今でも忘れない記憶として、私がスニーカーエイジに初めて取り組んだときの感想は、「こんなにすごい演奏ができるのか!高校生の力ってすごい!」って、純粋に心から思いました。

「個性や魅力を引き出した上で全力でやればよい」、それが和歌山高校のスタンスです。大会に出場する生徒たちがもっている素質を120%引き出して、個性のバランスを整えることが顧問の一番の役割だと考えています。

技術の向上は自分個人との闘いですので、とことん自身と向き合ってもらうしかありません。それはどこの学校の生徒さんも同じだと思います。
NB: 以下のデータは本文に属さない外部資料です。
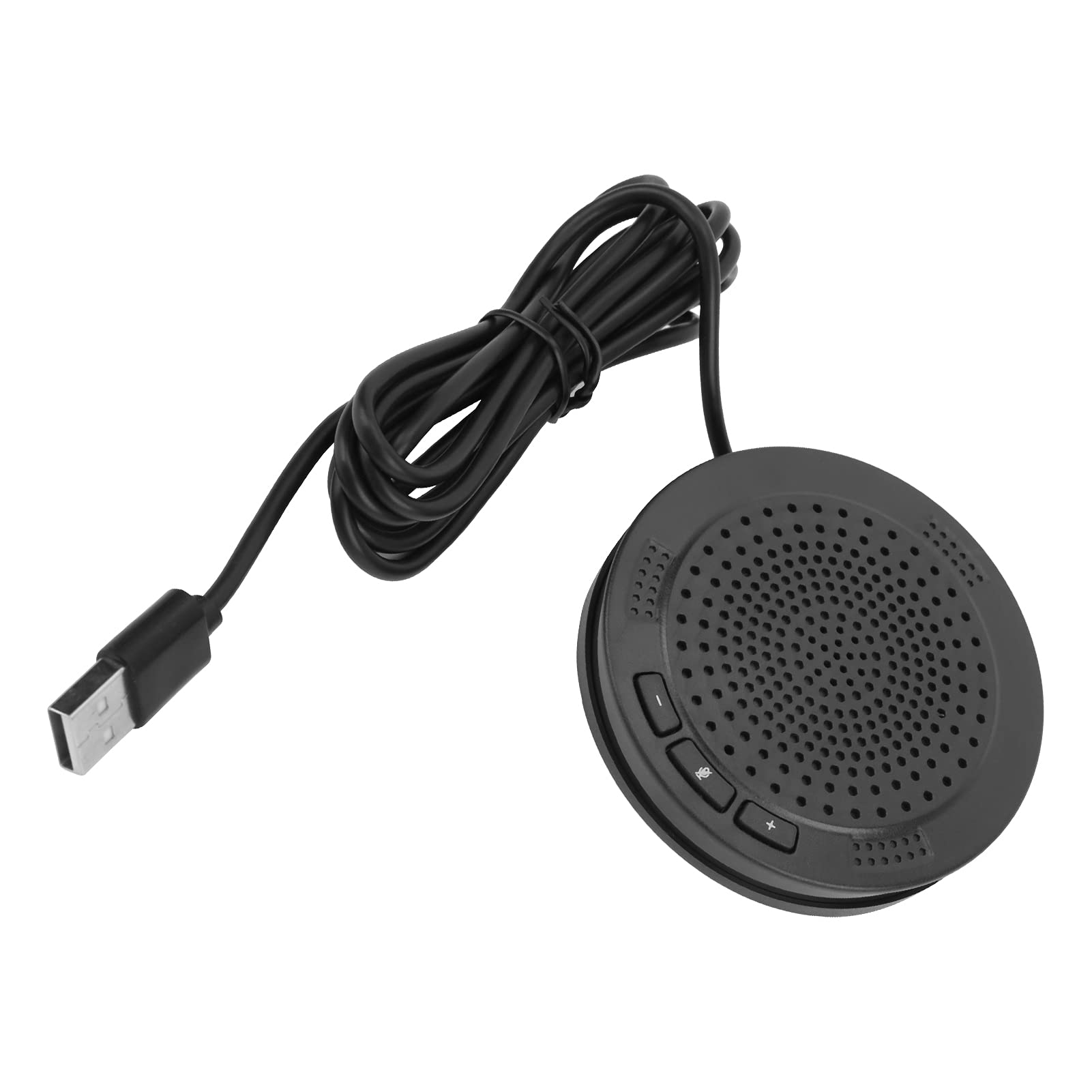 Akozon USB Conference Microphone, Conference USB Omnidirectional Microphone Computer Desktop Microphone for Online Meeting Conference Speakerphone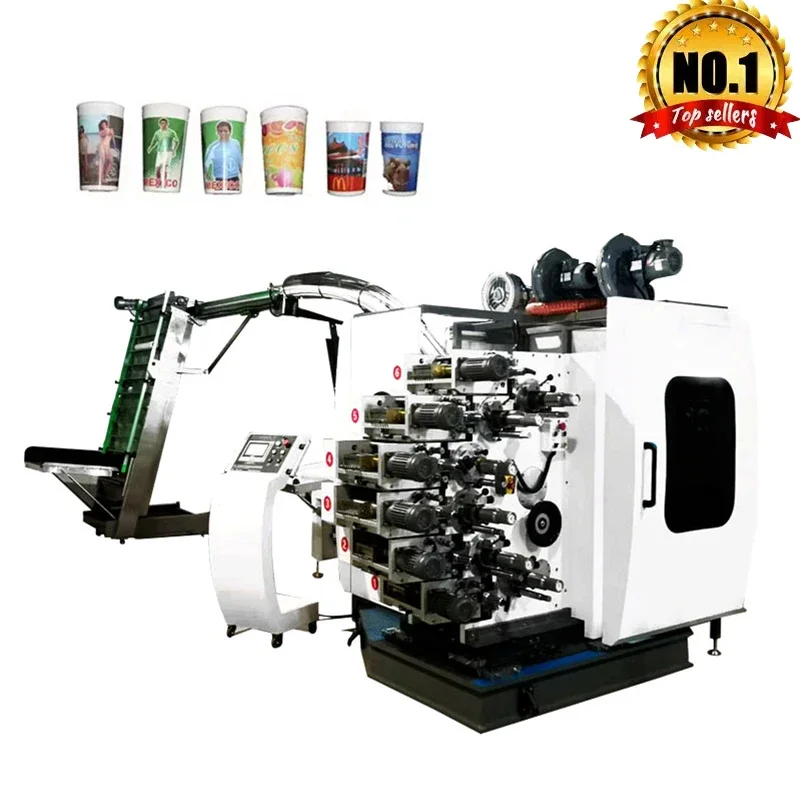 Full Automatic Silk Screen Printing Equipment Plastic Cup And Bottle Printing Machine 300-400 Pcs/min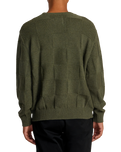 The RVCA Mens Hi Grade Boro Jumper in Olive Heather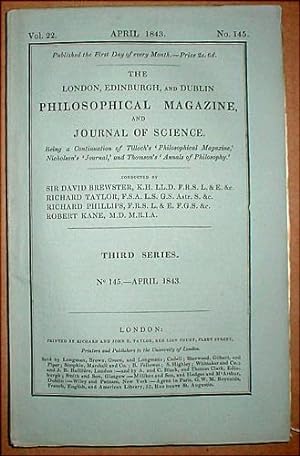 The London, Edinburgh, and Dublin Philosophical Magazine and Journal of Science. Third Series. No...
その上で、特に和歌山高校の役割と言えば、キャラをうまく引き出すことだと考えております。
手前味噌で申し訳ないですが、和歌山高校の生徒達はよい意味でおもしろく個性的、キャラの立つ子達が多いんです。毎年、クラブの生徒たちの「個性や魅力を引き出した上で全力でやればよい」ということが和歌山高校のスタンスです。昨年はボーカルを担当していた生徒のキャラを生かすために、郷ひろみさんの「2億4千万の瞳」を自由曲に選びました。生徒同士の会話の内容を聞いていると、本当に面白いんですよね。
一人のキャラを前面に出すことが大事ではなく、大会に出場する生徒たちがもっている素質を120%引き出して、個性のバランスを整えることが顧問の一番の役割だと考えています。

生徒たちには、その個性をステージで出しきってほしいです。